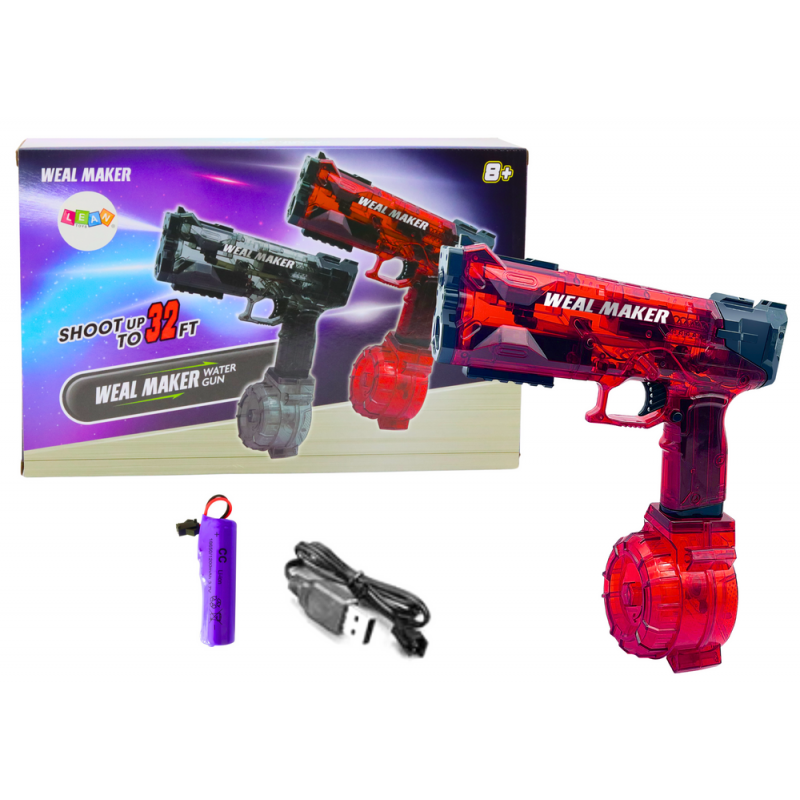 Automatic Electric Water Gun Red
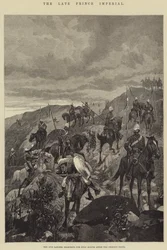 The Late Prince Imperial, the 17th Lancers searching for Zulu Scouts after the Prince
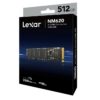 Lexar LNM620 Internal SSD M.2 PCIe Gen 3x4 NVMe 2280 512GB - LNM620X512G-RNNNG
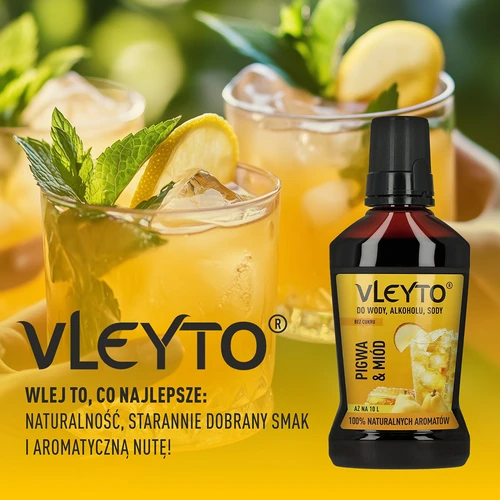 VLEYTO Küdoonia & Mesi – maitseessents looduslike aroomidega, 250 ml - 6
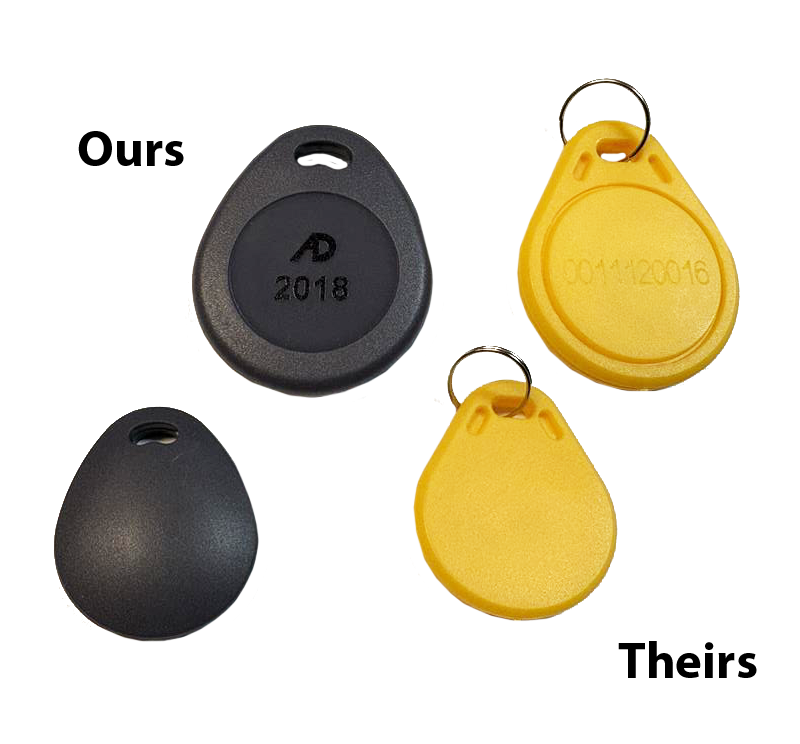 AnythingID Prox Key Fobs | 34 BIT C10001 (Pack of 25)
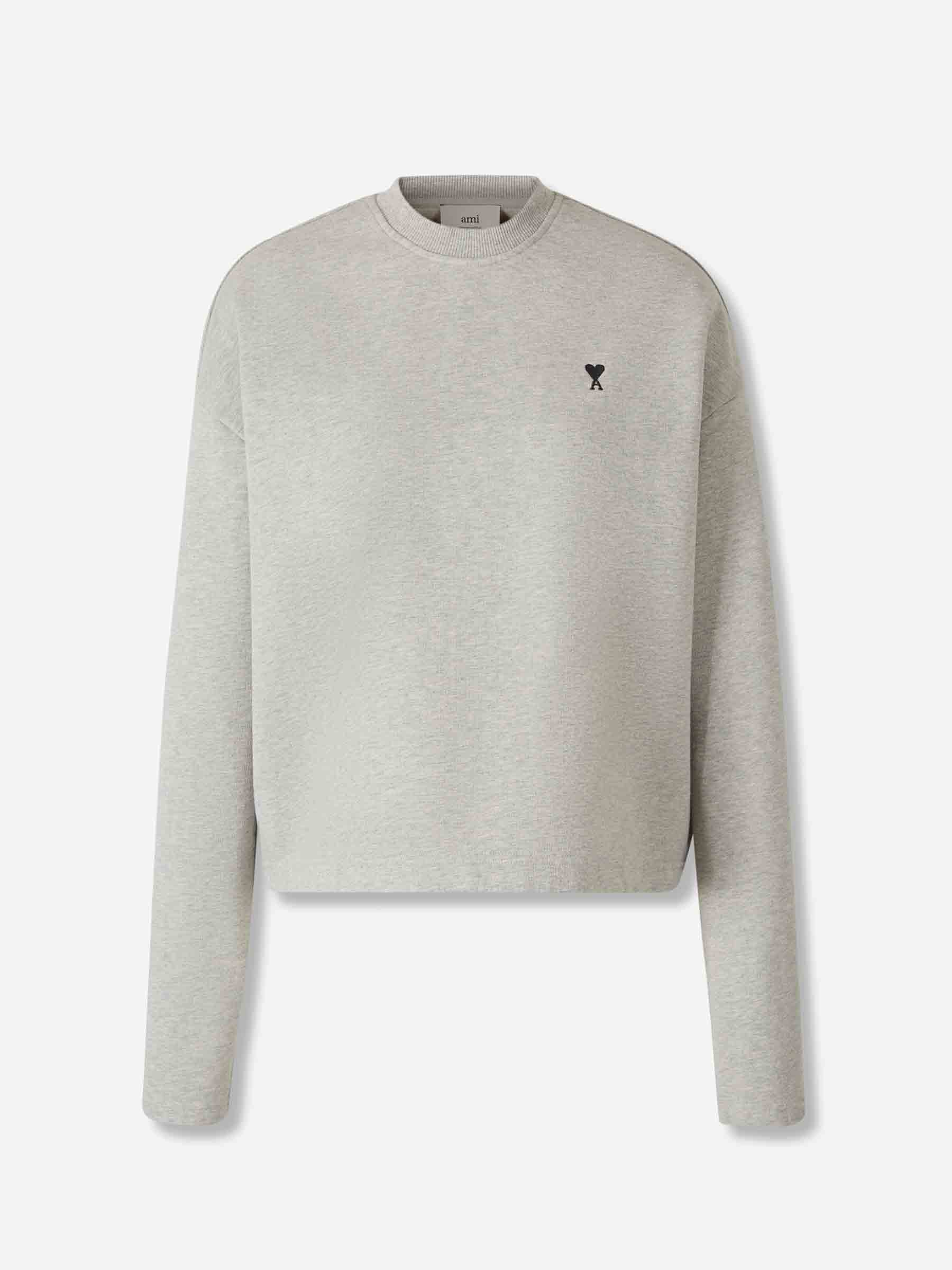 Ami Paris Mujer Barcelona Sudadera Cuello Redondo color Gris sku 715-000210 02 - Foto 1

▶ ACTION ITEM
Output the entries verbatim but drop the images.

▶ SOLVED EXERCISE
 Automatic Electric Water Gun Red
 The Late Prince Imperial, the 17th Lancers searching for Zulu Scouts after the Prince
 Lexar LNM620 Internal SSD M.2 PCIe Gen 3x4 NVMe 2280 512GB - LNM620X512G-RNNNG
 VLEYTO Küdoonia & Mesi – maitseessents looduslike aroomidega, 250 ml - 6
 AnythingID Prox Key Fobs | 34 BIT C10001 (Pack of 25)
 Ami Paris Mujer Barcelona Sudadera Cuello Redondo color Gris sku 715-000210 02 - Foto 1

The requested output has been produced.